The concept of flight is a motif that is displayed all throughout Song of Solomon. From the very beginning of the novel, the epigraph (“The fathers may soar / And the children may know their names”) already establishes that flying, symbolized in various manners, would be a prominent motif in the novel. This could indicate the desire to escape an unfavorable situation, moving to greener pastures, but it does not necessarily escape the consequences arising from the ‘flight.’ The fathers who soared may have left the children who eventually grew to know their names.
The first instance of flight was portrayed by Mr. Robert Smith’s suicide attempt during the opening of the book. The act of committing suicide usually indicates that the person wishes to escape the feeling of suffering, to fly towards a better place, but the person does not realize that although he/she is liberated, those who are left behind will end up hurting. Smith aims to ‘fly’ in the novel by literally leaping off a roof. Suicide is generally regarded as a negative event; however, in the novel, those watching him do not seem to understand that this leads to death and further encourages him and celebrates the act because they interpret this as an attempt at flying. Additionally, those in Shalimar also believe that the story regarding Solomon’s flight is a literal story and actually occurred. This pushes the novel towards the genre of magical realism, because the characters in Song of Solomon believe that human flight is possible.
The transition from Smith’s leap to the introduction of the main lead, Macon Dead III aka Milkman, was made through a comparison of Smith’s and Milkman’s characters. The day after Smith’s death, Milkman was born and upon growing up, became very disappointed upon finding out that humans are not able to fly, which Mr. Smith realized after jumping off the building. Milkman’s suspicions on the possibility of flight versus the common belief of the community causes him to feel alienated and isolated among the crowds, being looked upon as a strange child. Smith, like Milkman later on in the story, wishes that his flight would cause change in how things currently are. Flight for these characters are an act done with the motivation of demanding for progress. For the community, flying is a heroic act, thus Milkman is less alienated once he affirms his belief in the possibility of flight.
Milkman’s leap in the ending happens over Pilate’s body who had been accidentally shot. This characterizes Milkman’s outlook on Pilate. She was always looked at as an oddity; from the lack of her navel to her eccentric aura and demeanor. More importantly, she was a woman whose life was centered entirely on her children and her obligations. This, to Milkman, is an indication that Pilate had done another odd and seemingly impossible act: to fly without needing to lift her feet off the ground. She is liberated without having to leave anyone behind, and to Milkman, that is a sign that she has mastered the act of flying. Her body on the ground juxtaposed with Milkman jumping over her symbolizes Milkman’s selfish and personal drive to fly contrasting with Pilate’s flight being successful without her actually vying to achieve it.
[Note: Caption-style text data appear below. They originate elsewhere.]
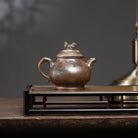 Song Shu Pan Hu 180cc - Yixing Handmade Teapot 江苏宜兴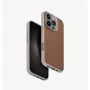 UNIQ Lyden DS Magclick custodia con ricarica per Apple iPhone 16 Pro 6,3 pollici caramello/avorio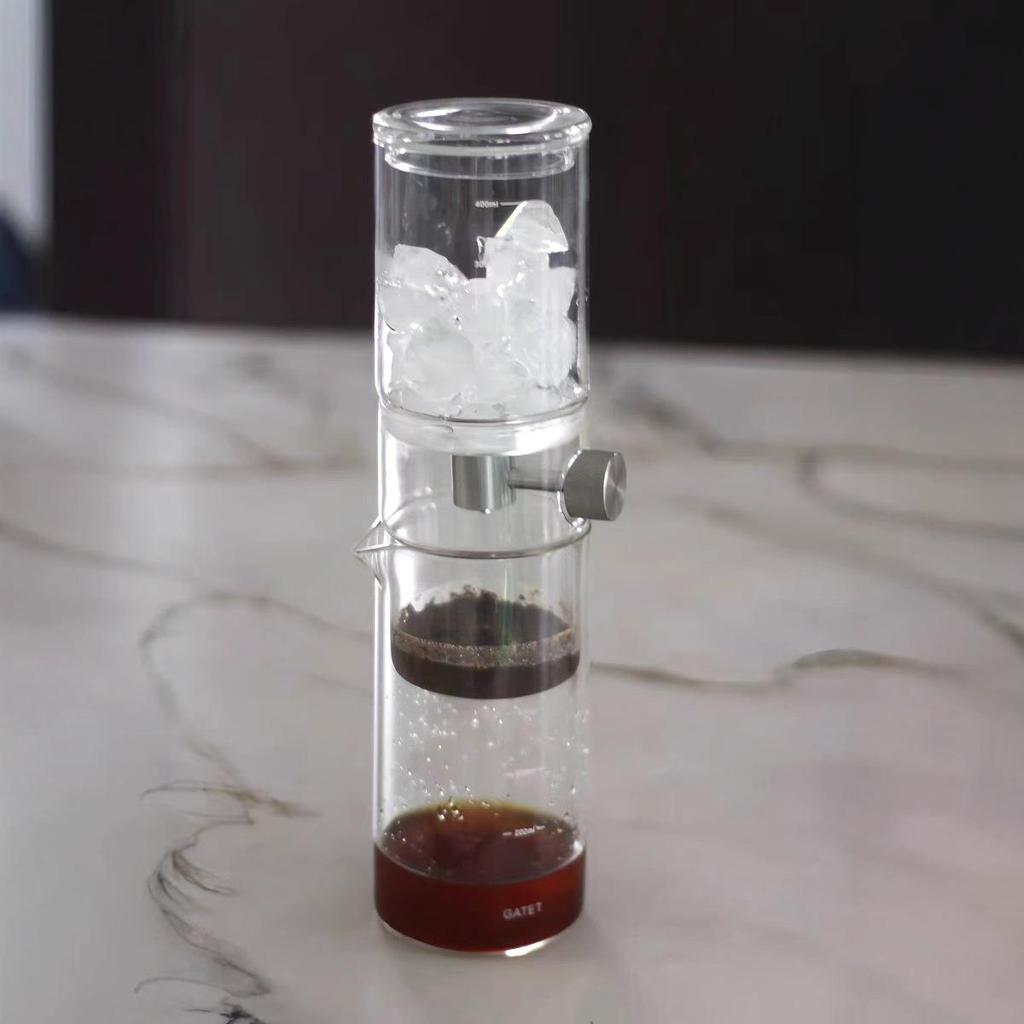 Mini Caffettiera a Goccia per Cold Brew - Vetro Borosilicato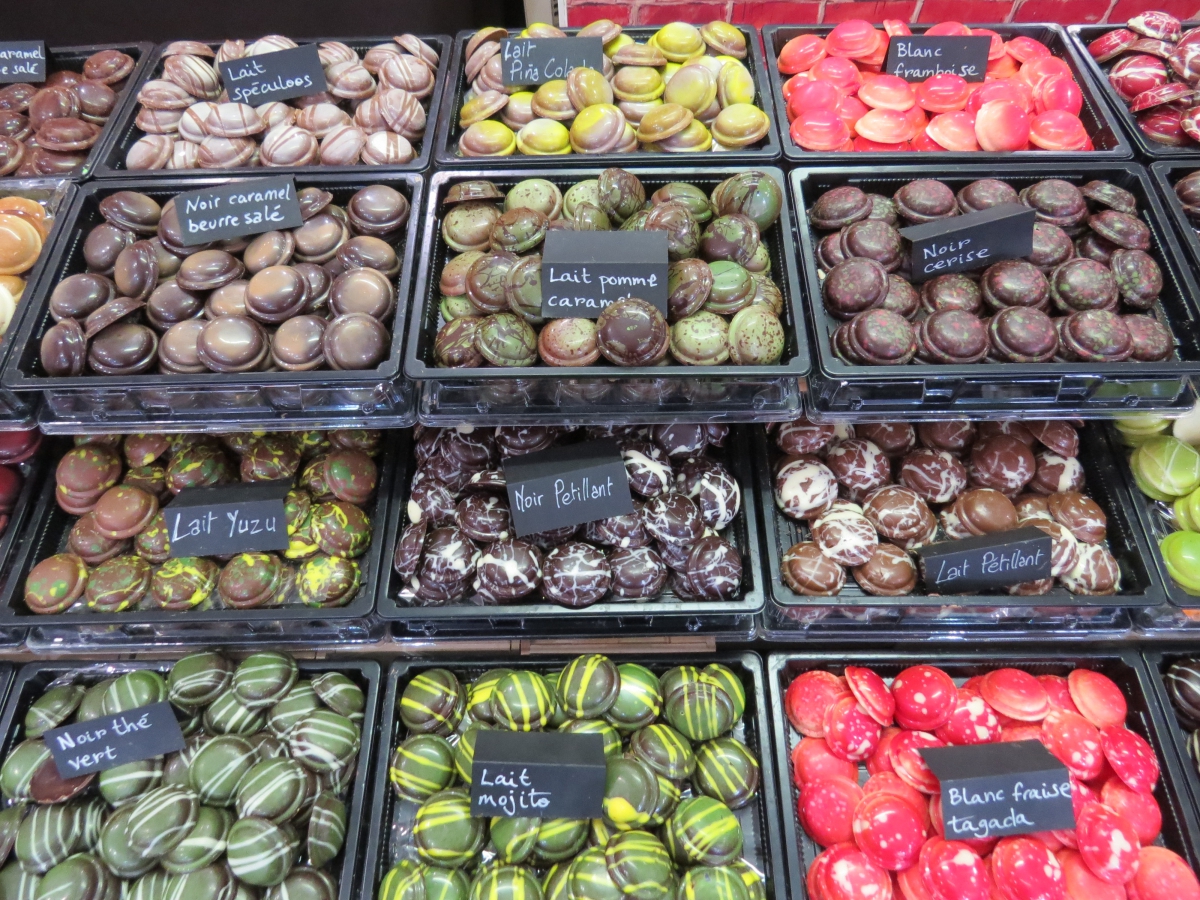 Visite musée du chocolat Rody Castillonnes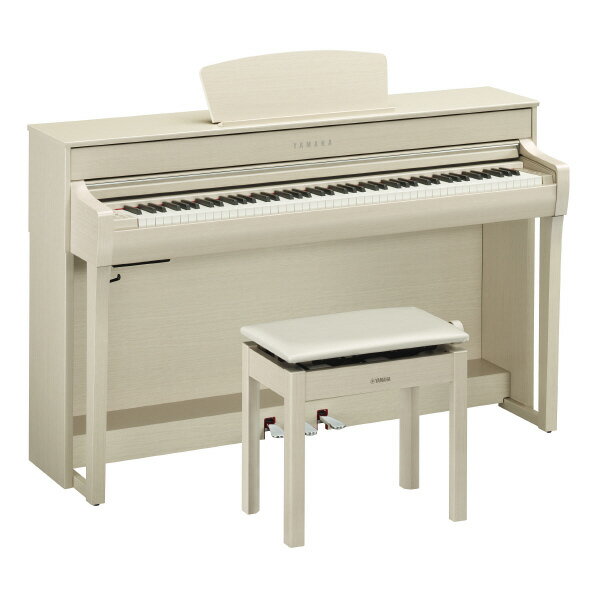 ޥ Żҥԥ ڹ㼫߰ػҡإåɥۥդ clavinova ӥΡ ۥ磻ȥåĴ CLP-735WA [CLP735WA]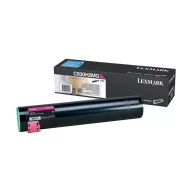 Lexmark C935 High Toner Magenta 24K (Eredeti) C930H2MG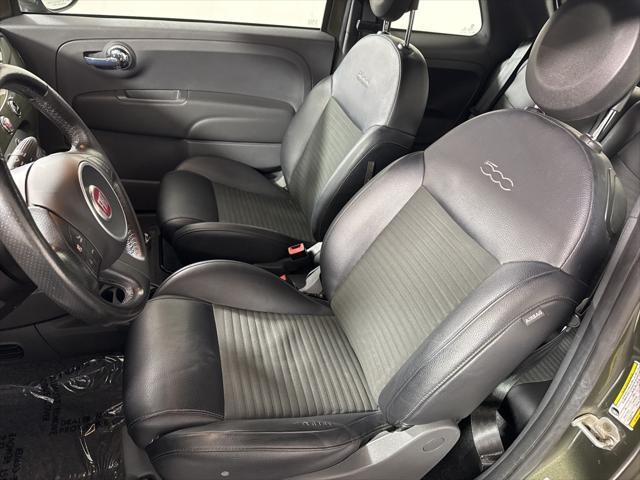 used 2014 FIAT 500 car, priced at $8,711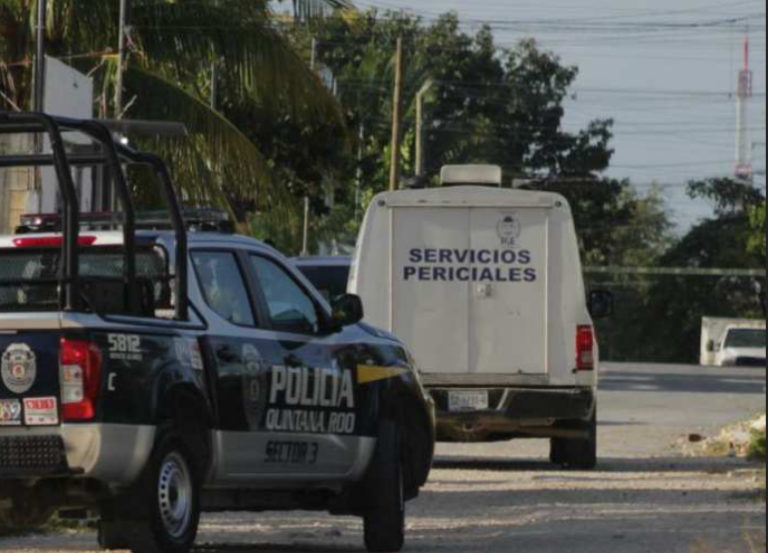 Hallan víctima estrangulada en colonia irregular de Cancún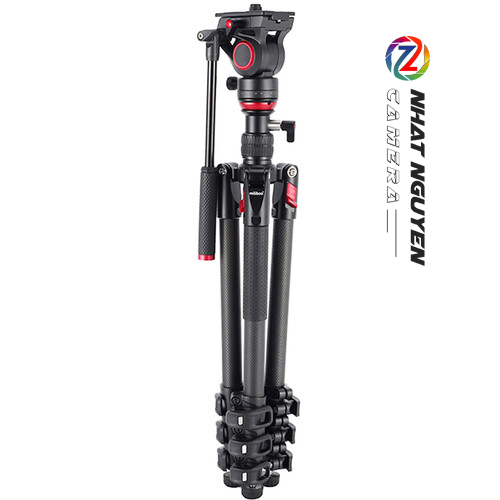 miliboo MUKB Compact Carbon Fiber Travel Tripod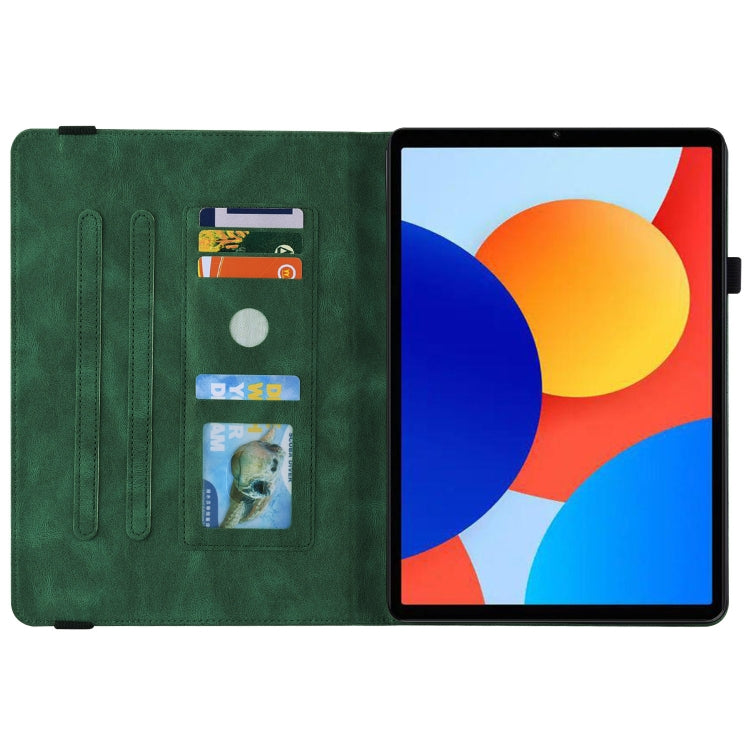 For Xiaomi Redmi Pad SE 8.7 Butterfly Flower Embossed Leather Tablet Case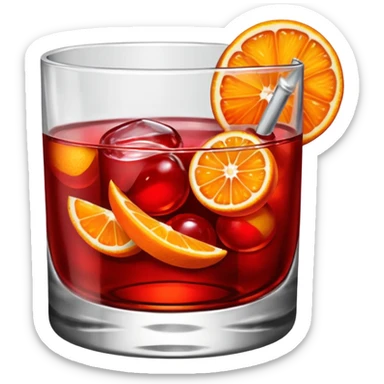 Mach mir einen Cherry Negroni sticker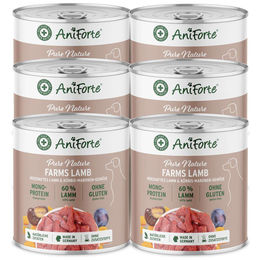 Produktbild von AniForte Nassfutter Lamm mit Kürbis Sensitive Glutenfrei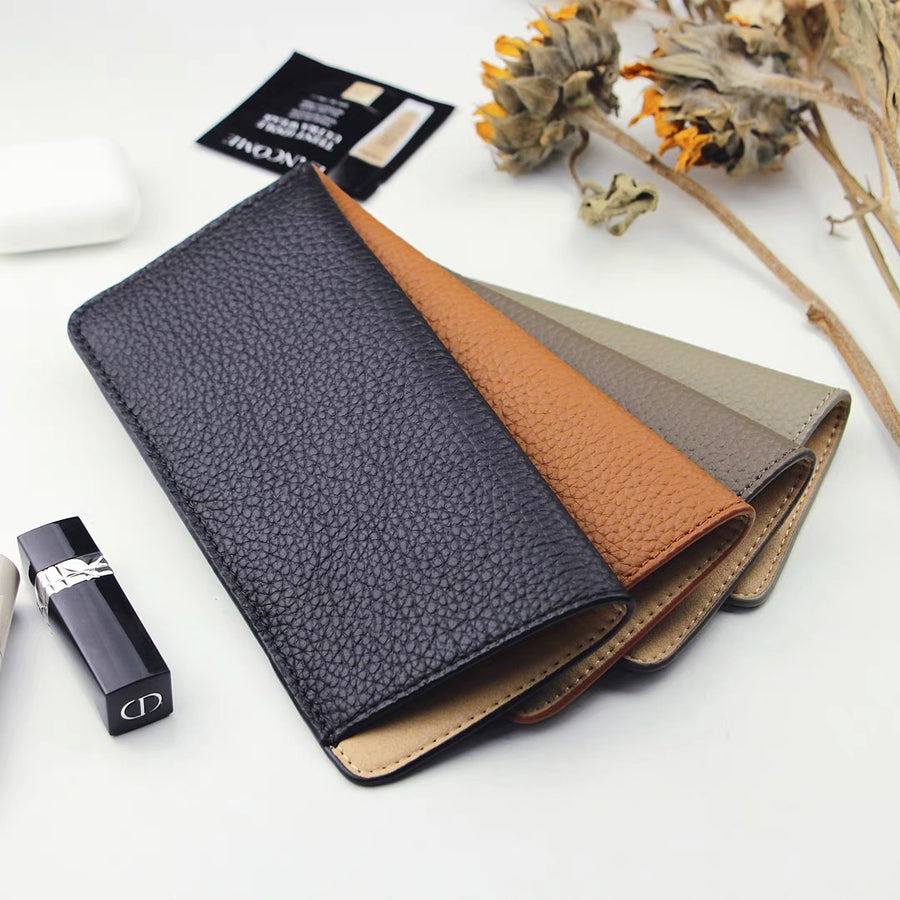 Timeless Granulated Calf Leather Eyewear Case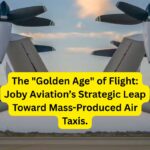 The "Golden Age" of Flight: Joby Aviation’s Strategic Leap Toward Mass-Produced Air Taxis.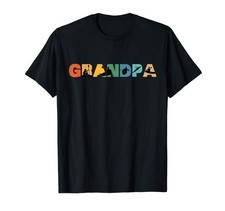 Uomo Maglietta del nonno del
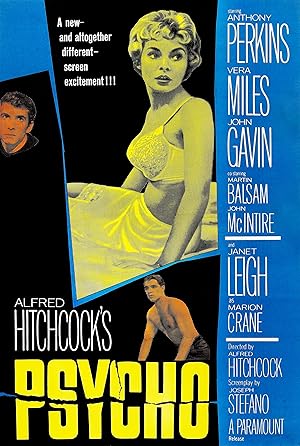 Psycho (1960) poster
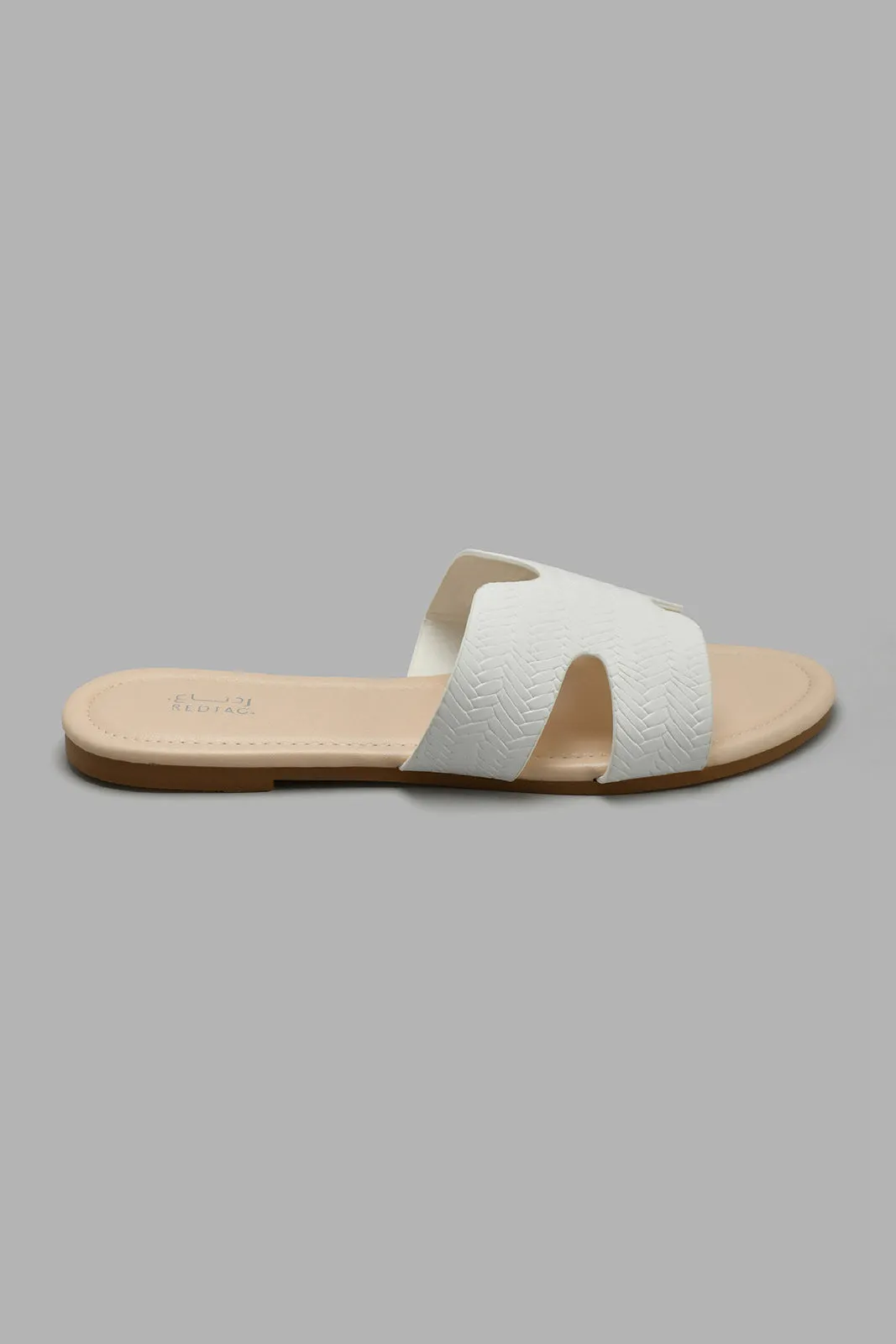 White Plain Mule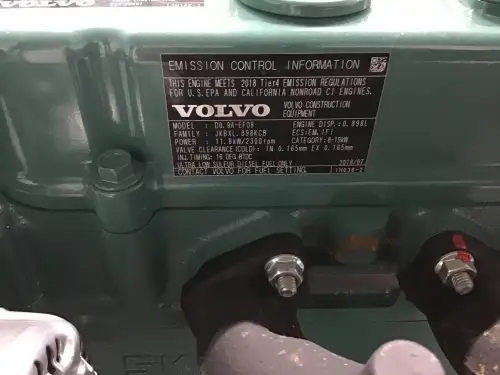 VOLVO D0.9A-E4 NEUF - Miniature 8
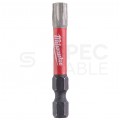 Bit udarowy do wkrętarki TORX TX40 50mm 1/4" HEX Shockwave MILWAUKEE
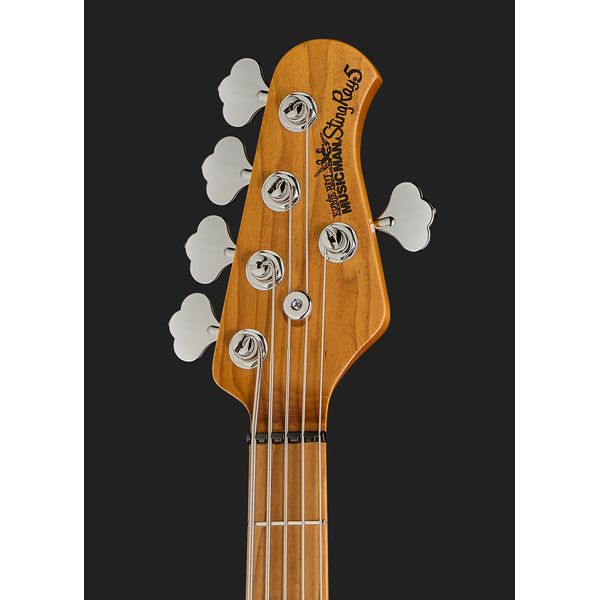 Music Man Stingray 5 H Special Hot Honey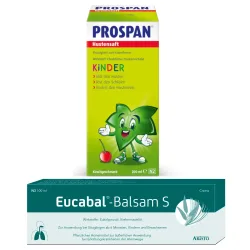 PROSPAN Hustensaft + Eucabal Balsam S Set 1 Sparset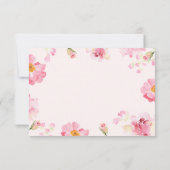 ペタルス プロセッコ ブライダルシャワー サンキューカード (裏面)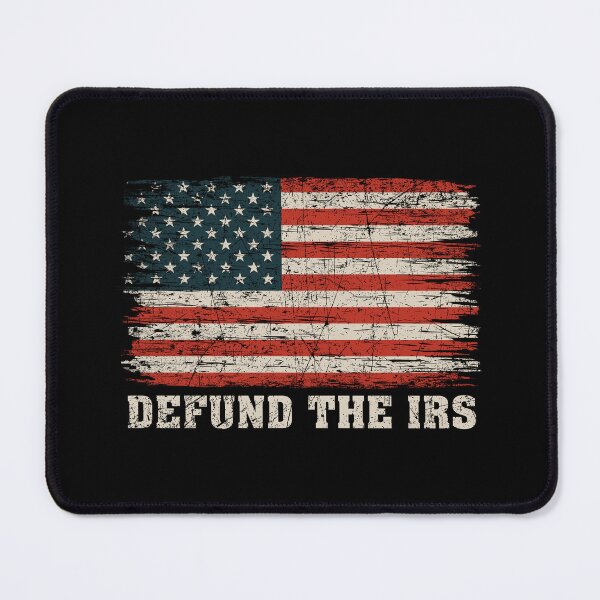 Item preview, Defund The IRS Tax Return Anti Tax IRS Funny Humour designed and sold by RosannaArt.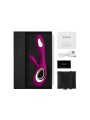 Lelo - Soraya Vibratore Wave Rabbit Deep Rose - Lelo - Vibratori Rabbit | erosidea.com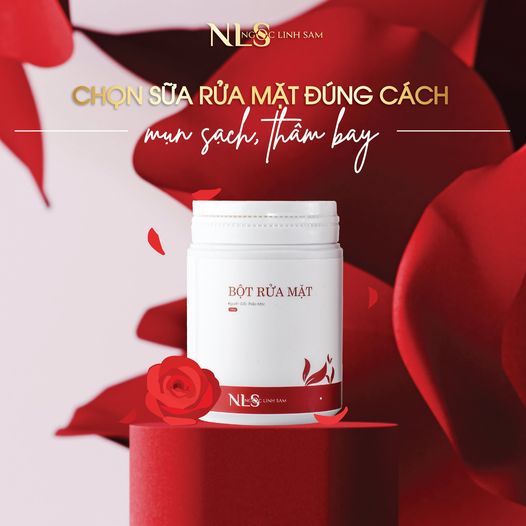 BỘT RỬA MẶT THẢO DƯỢC - NGỌC LINH SÂM
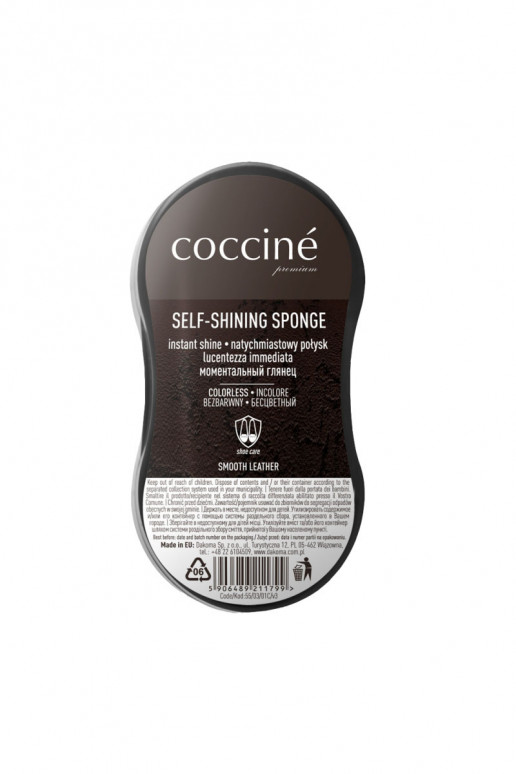 Coccine Liels apavu krēma sūklis Coccine Liels apavu krēma sūklis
The theme of flight also unfolds as a symbol of a journey of life or, more specifically, the stage of getting mature. The song Pilate sings during the novel’s opening scene with Smith (O Sugarman done fly away / Sugarman done gone / Sugarman cut across the sky/ Sugarman gone home….) foreshadows Milkman’s journey as he searches for means to leave home, become free and independent, and to get to know his roots. Milkman, as represented in the song as Sugarman, finally learns to spread his wings and fly in the end; although this does not come without any costs. Thus, he is symbolically compared to a bird who gets mature and leaves the parental nest.
Leaving Not Doctor Street and traveling to Shalimar meant liberation for Milkman but also caused pain, grief, and eventual heartbreak for Hagar. Likewise, Solomon’s flight to Shalimar caused his freedom from slavery in the cotton fields of Virginia, but in turn, he left his wife Ryna, also a slave, to take care of their twenty-one children. Another is Mr. Smith’s jump, in which he left a note that the suicide as an act committed out of love, but secretly masked with hopelessness and pain. Furthermore, their acts are all ambiguous and open-ended. The leaps of these characters shown in different ways are not purely happy endings; a display of situations not being strictly black or white. The people (particularly women) left hurting certainly do not think of these as happy endings, and not as heroic acts but selfish choices.